I usually add a row of various bushes along the back edge of the model.
That is how I make a train tunnel out of styrofoam, I hope that it gives you some ideas? Whilst this is drying – Here’s one I made earlier where I carved the portal myself.
Martin – I think it’s a suberb model railroad tunnel ‘how to’. Thank you from all of us.
And for those of us not as talented as Martin, don’t forget the Beginner’s Guide where there is lots more stuff like this.
If you’re new to the blog, there are hundreds and hundreds of posts that will help you – but you really do need to jump on the newsletter to see them all.
Here’s a few that may help:
Both of these use tunnel downloads from the printable buildings.
Others, just freestyle all the way – like Peter. You can see how he made his model railroad tunnel here.
Mark also has a very simple and effective way of adding scenery to his tunnels.
His tunnel is made from plaster rather than styrofoam, but the effect is the same, have a look at his pics:
Whatever method you use to make a tunnel for your layout, there is always something very important you should consider.

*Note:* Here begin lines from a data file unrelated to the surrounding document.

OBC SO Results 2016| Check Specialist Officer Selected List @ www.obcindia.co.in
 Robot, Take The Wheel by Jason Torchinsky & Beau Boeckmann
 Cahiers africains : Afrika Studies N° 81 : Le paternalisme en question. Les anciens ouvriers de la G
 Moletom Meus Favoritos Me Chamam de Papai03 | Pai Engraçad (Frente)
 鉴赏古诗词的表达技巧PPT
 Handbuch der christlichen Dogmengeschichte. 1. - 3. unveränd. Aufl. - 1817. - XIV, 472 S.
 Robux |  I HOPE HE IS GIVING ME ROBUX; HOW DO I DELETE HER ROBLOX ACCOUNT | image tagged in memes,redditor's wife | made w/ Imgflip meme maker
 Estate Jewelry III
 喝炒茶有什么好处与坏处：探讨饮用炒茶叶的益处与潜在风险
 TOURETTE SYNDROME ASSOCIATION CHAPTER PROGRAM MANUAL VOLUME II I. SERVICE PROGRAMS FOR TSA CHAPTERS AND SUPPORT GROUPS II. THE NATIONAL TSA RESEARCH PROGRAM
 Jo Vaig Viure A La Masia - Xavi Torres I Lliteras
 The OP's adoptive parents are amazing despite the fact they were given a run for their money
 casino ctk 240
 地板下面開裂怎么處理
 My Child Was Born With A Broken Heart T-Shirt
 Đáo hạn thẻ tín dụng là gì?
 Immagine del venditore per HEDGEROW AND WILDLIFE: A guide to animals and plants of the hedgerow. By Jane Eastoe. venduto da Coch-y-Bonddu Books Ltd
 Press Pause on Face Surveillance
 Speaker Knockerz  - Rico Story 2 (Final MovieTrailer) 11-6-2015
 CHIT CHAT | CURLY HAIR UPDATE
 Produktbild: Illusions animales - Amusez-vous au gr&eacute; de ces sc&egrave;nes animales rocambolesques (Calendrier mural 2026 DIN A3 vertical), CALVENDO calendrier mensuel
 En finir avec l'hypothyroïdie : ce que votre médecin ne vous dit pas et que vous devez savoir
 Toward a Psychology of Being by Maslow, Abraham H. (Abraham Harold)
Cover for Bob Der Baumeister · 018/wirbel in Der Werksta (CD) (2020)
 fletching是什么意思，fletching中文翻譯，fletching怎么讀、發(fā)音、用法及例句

I see it come up time and time again on the blog – and knowing it can save you a lot of blood, sweat and tears.
It’s this: always make sure you have access to the inside of your tunnel.
You will get derailments in there. You will need to clean the track in there. And somehow, stuff that shouldn’t be in there gets there.
Here’s Ron to elaborate:
“Hi Al, just a couple of pics of the corner tunnel I made on my shed layout, I got the retaining walls on ebay.
I weathered them with my weathering powders in about an hour, really easy to do.
I wanted access to my track for cleaning and maintenance so I bought a couple of those magnetic latches you get for wardrobe doors etc, which works great.
I hope the tip is useful to somebody out there, by the way the whole train tunnel and scenery cost me about $20.00 using scrap timber and scatter etc from my bits box.
Thanks for all the brilliant tips and information from some really great modelers on here.
Of course, with a styrofoam tunnel, you may need to get your thinking cap on.
But however you make your train tunnel, access is really, really important – it doesn’t matter how good your landscaping and scenery is, if your layout doesn’t let you run your trains because of a troublesome tunnel, it will become a real thorn in your side.